If you meet up at a half-way point, you're only an hour and a half away from each other. If you think it's worth the old college try, then you could meet up on the off-chance and see how it goes.
 
I was in such a relationship one time, and it didn't work out, but not because of the distances.

Personally, I couldn't do a distance-relationship because personal contact is too important to me and I know that about myself. You, however, might be different and I have known several couples who have successfully pulled off a thriving relationship for quite a long time over large distances. However, in these cases, the couples had lived together before jobs and whatnot forced living in different cities. Meeting over the internet, without that initial real-time connection is a bit harder.

Meet up--somehow--as often as you can so you can get to know him and see him interact with the world, and you. That way, you can get and keep a realistic view of him and not build up a view of him that may not be real.

Good luck--I hope this works out for you.
 
This might sound kind of funny, LilVirgin, but you might actually be in a bit better of a position being apart, especially in such early stages of the relationship - I've seen friends/couples where one of them uproots and moves to be near the other and the chemistry quickly fades or there's a bit of bitterness or resentment as an undercurrent about the move, and whether it's changing schools, jobs, moving away from family, etc. it's a big step that one half of the couple undertook because they thought they were madly in love and it trumped all practical reasons to stay. And then they break up and one of them feels so disconnected and miserable.
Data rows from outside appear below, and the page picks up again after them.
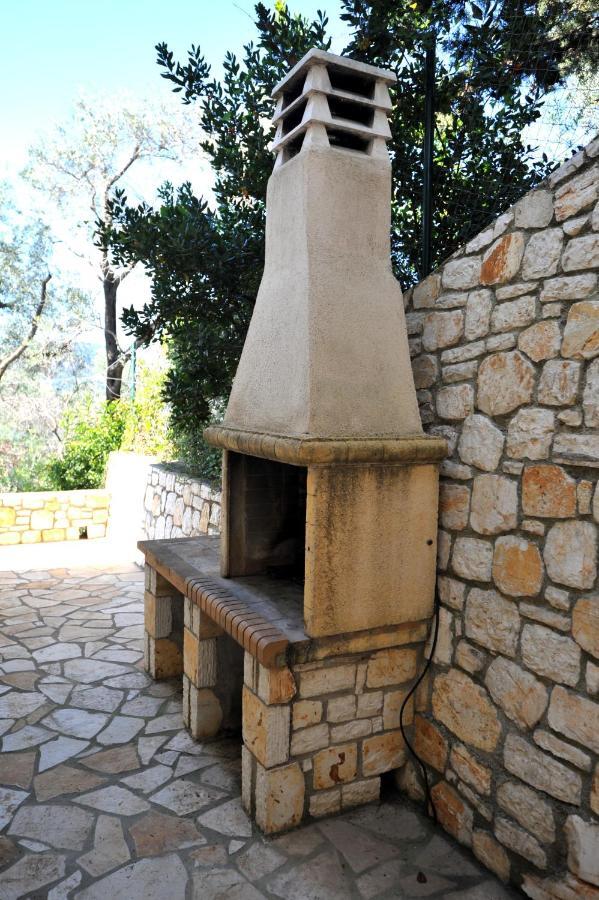 Villa Theodora View Apartments Zeys Agios Georgios Pagon Zewnętrze zdjęcie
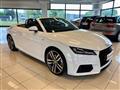 AUDI TT Roadster 1.8 TFSI S tronic S line FULL PREZZO REAL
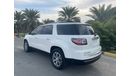 جي أم سي أكاديا دينالي Acadia 2014 G CC Full Opsions Accident Free جي ام سي اكاديا 2014 مواصفات خليجي بدون حوادث بدو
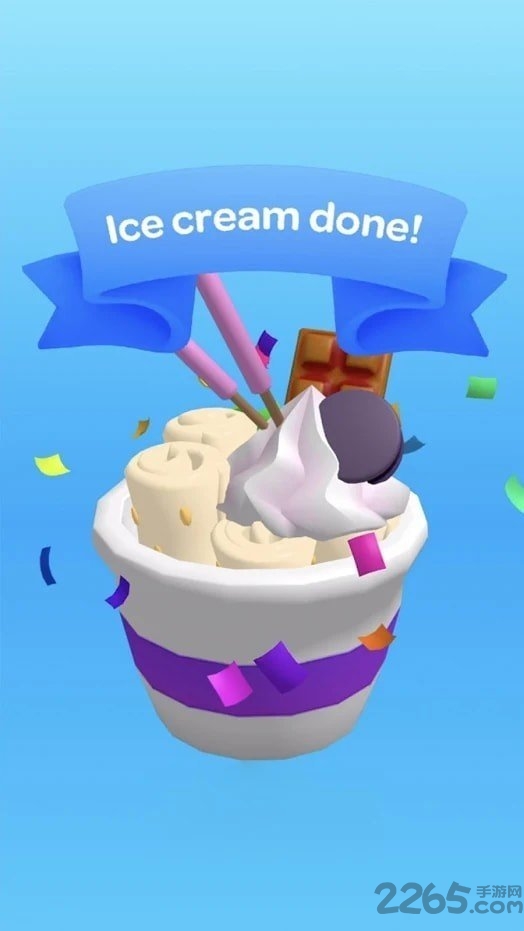 我炒酸奶贼6手机版(Ice cream roll)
deejay1112 (welcome to JUB by the way!) has a good point about meeting halfway though. You could do that, or visit each other/stay with each other on weekends or something and see how it goes. Just be careful about making any big step - I'm not saying that people don't move to be close to each other and the relationship thrives, but I've heard my friends bemoan just the opposite enough times that I'd be a bit cautious!
 
3 hours is not bad at all. If you really like him then go for it, get to know him. It's the internet era, everybody travels.
 
If you two have the means to travel meet him, but take the usual precautions until you feel comfortable. Someone you know ought to know what you're up to b
 
You're lucky that he's 3 hours away.

A group of my best friends live in the next time and climate zone, we only visit each other at least once a year.
 
I started out 3 hours away from the guy I've been with for 13 years now. :)

Drive back and forth, or take the bus. Even flew once.